And the varieties of materials used in cheese shaping and ripening
2
Threads of Tenili hang above a table full of cheese in various forms

In the mountains of Southern Georgia near Turkey, I was invited to stay with a family who makes a unique cheese called Tenili.  In 2 villages the cheese is still made according to a technique that has no documented origin, or theory of introduction;  it is a cheese of this place and people, an emblem of their culture.  It is essentially semi dry threads of cheese mixed with cream and packed in pottery vessels.  Yum.  I want to discuss its production and then talk a bit about the various materials used in cheese shaping and storing.

The pasture and mini mountain cows of Andriatsminda

Tenili is a stretched curd cheese, no starter is used, the milk is heated to a  temperature gauged by hand, set with rennet, cut and stirred then left in baskets overnight to ferment to the proper ph range of 5.4-5.  Of course no ph meter is used, and the room is fairly cool.  In the morning the curd is tested (in hot water, which can actually be a fairly accurate test for acid development) and when ready, stretched.  Up to this point the method is similar to any number of the worlds stretched curd cheeses.  I feel that this method has been figured out in many parts of the planet and then moved around through diffusion and adapted.

The rapid motion used to stretch Tenili in hot water

The curd is placed in hot water until very malleable, made into a ball, that is made into a donut.  The donut is elongated through a hand over hand spinning motion, with the curd ribbon going through a container of hot water on the floor.  Once it is very long it is doubled up on itself, over and over, until the arms of the maker are holding a coiled, single thin strand of cheese likely over 100 feet long.  This is placed in cold salt water briefly, then hung up to dry.

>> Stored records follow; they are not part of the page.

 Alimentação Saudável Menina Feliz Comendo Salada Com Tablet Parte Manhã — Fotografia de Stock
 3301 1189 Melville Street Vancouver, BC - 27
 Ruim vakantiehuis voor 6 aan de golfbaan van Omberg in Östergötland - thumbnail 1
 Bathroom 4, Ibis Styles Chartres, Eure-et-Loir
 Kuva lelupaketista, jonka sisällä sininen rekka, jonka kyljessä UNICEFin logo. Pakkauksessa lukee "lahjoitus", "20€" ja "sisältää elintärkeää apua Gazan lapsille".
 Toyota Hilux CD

Curd strand after salting before being pulled into threads

The next day the ropes are pulled apart into very thin threads, like string cheese.  These threads are hung on a specialized wood beam and allowed to dry over an unspecified time, and yeasts grows on them.  I know yeasts are present due to smell, and this period of yeast growth prior to the final cheese being formed is a theme I have seen in many cheeses.  When they are deemed ready, they are covered in cream, and packed into pottery vessels or plastic containers to be sold.  Apparently in the past these vessels would be turned upside down onto ash so the liquid could drain, and the cheese aged in this way.  This practice sounds remarkably similar to a cheese called Motal, which in one form made in Armenia is put into pottery, upside, on ash.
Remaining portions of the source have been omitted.